Archaeologists in Guatemala have discovered an ancient Mayan “figurine factory” that they say is the largest ever found. The workshop, called Aragón, which mass produced ceramic figurines of important political and social figures in Mayan society, was buried for over 1000 years. The site contains fragments of over 400 of the figurines and provides a glimpse into one of the world’s most mysterious and puzzling ancient civilizations. This particular region has never before had any archaeological excavations, and most of what is known is based off of the limited Spanish writing from after their conquest.
According to Science, the discovery was by chance. Brent Woodfill, an archaeologist at South Carolina’s Winthrop University was tipped off to the site by friends living in Guatemala. They were doing construction on their property in Cobán, Guatemala and accidentally smashed into a treasure trove of ancient Mayan action figures. Much of the workshop was destroyed during the construction and Woodfill was given a grant for the “emergency salvage” of the location.
Despite the damaged state of the workshop, Woodfill and colleagues were able to recover over 400 fragments of the ceramic figurines and the molds for making them. Researchers believe that these figurines served an important political and economic purpose for the Maya. it is believed that they were exchanged by leaders as a way to strengthen alliances and bolster their own reputation. they also acted as a sort of propaganda tool, publicizing important relationships between leaders and informing the public of alliances or political turmoil.
Aragón was likely active between 750 C.E. to 900 C.E. This is well before archaeologists previously believed their were any large cities in the region. Intriguingly, the figurine factory appears to have survived and continued operations through 300 year collapse of the Mayan empire. That the figurine factory was active throughout this time leads researchers to believe there could be a detailed record of this collapse in the figurines that they find there.

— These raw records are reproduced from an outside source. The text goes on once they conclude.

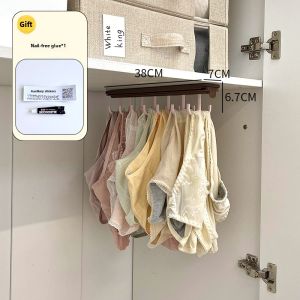 Intimates Underpants Storage Sliding Rail Hanger Wardrobe Built-in Pull-out Punch-Free Hook Spaghetti Strap Bra Clothes Hanger
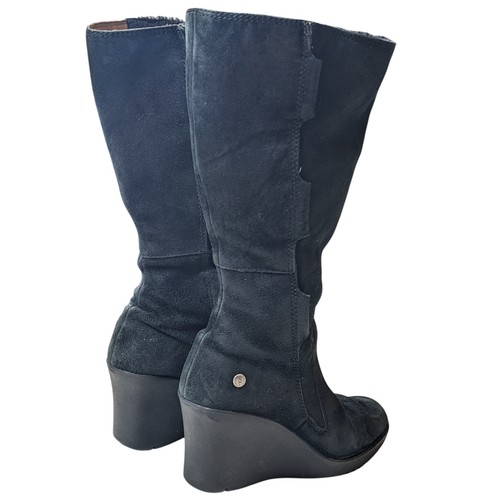 Botas de cuña UGG para mujer talla 6 Elsey piel de oveja altas forradas cálidas 5586 - Imagen 4 de 12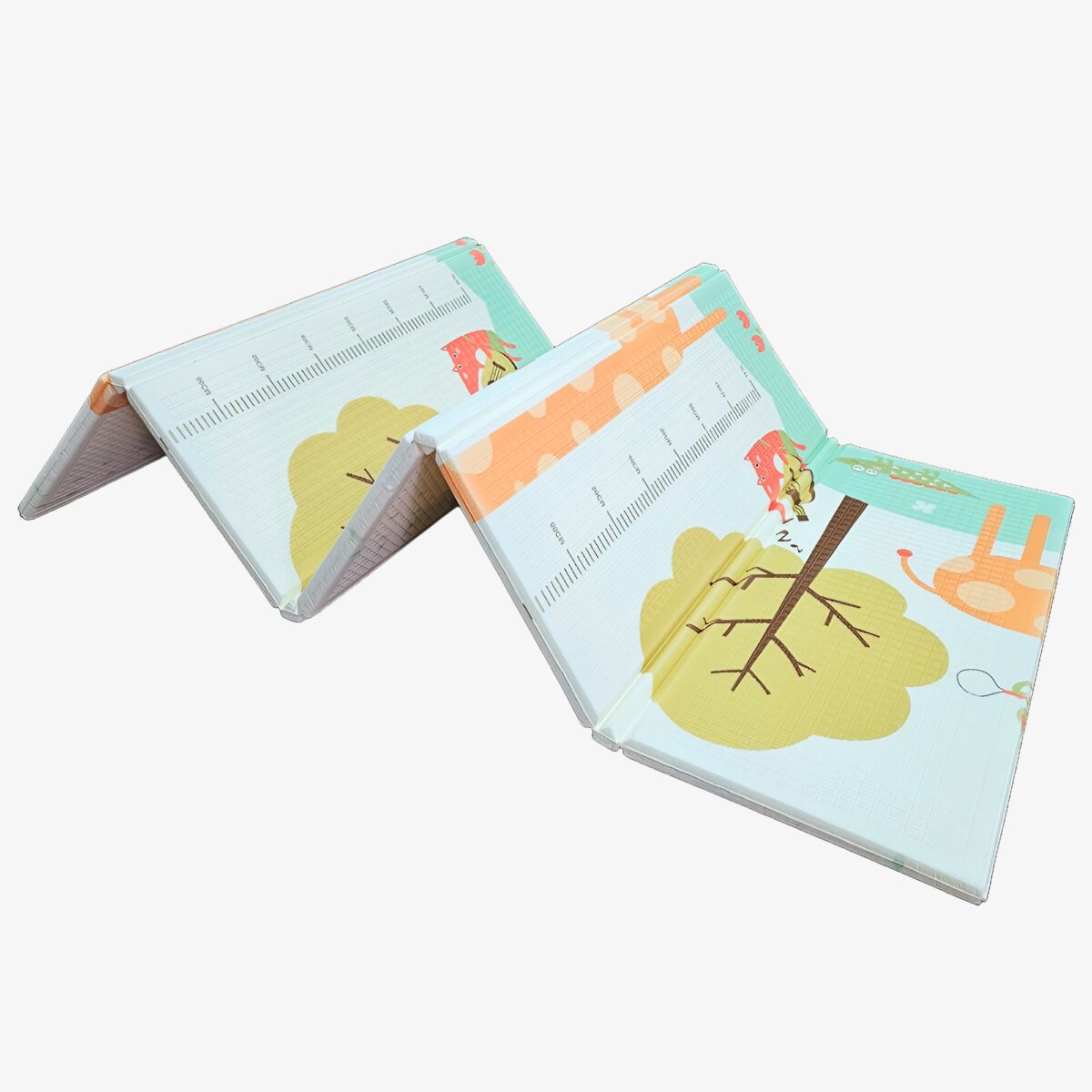 Covoras de Joaca pentru Copii Termic cu 2 Fete, Embo, Model Girafe si Pinguini, cu Spuma, Impermeabil, Antiderapant, 200cm x 180cm x 1cm - imagine 6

It’s not just a record of the collapse that researchers hope to find, either. Such a large scale and long lasting figurine workshop probably holds important clues to other mysteries of the Mayan civilization too. Archaeologists hope to use the figurines they find in conjunction with the data from the Spanish conquest to paint a more detailed picture of the Mayan empire in Guatemala: how trade routes progressed, how cities rose and fell, how ancient Mayan politics worked. With such limited knowledge of the region, this figurine factory could dramatically increase archaeologists understanding of the region.
Now, just think about what happens a thousand years from now when some future archaeologist finds a complete collection of Star Wars action figures, in their original packaging and alphabetized. What spurious conclusions will they draw from that?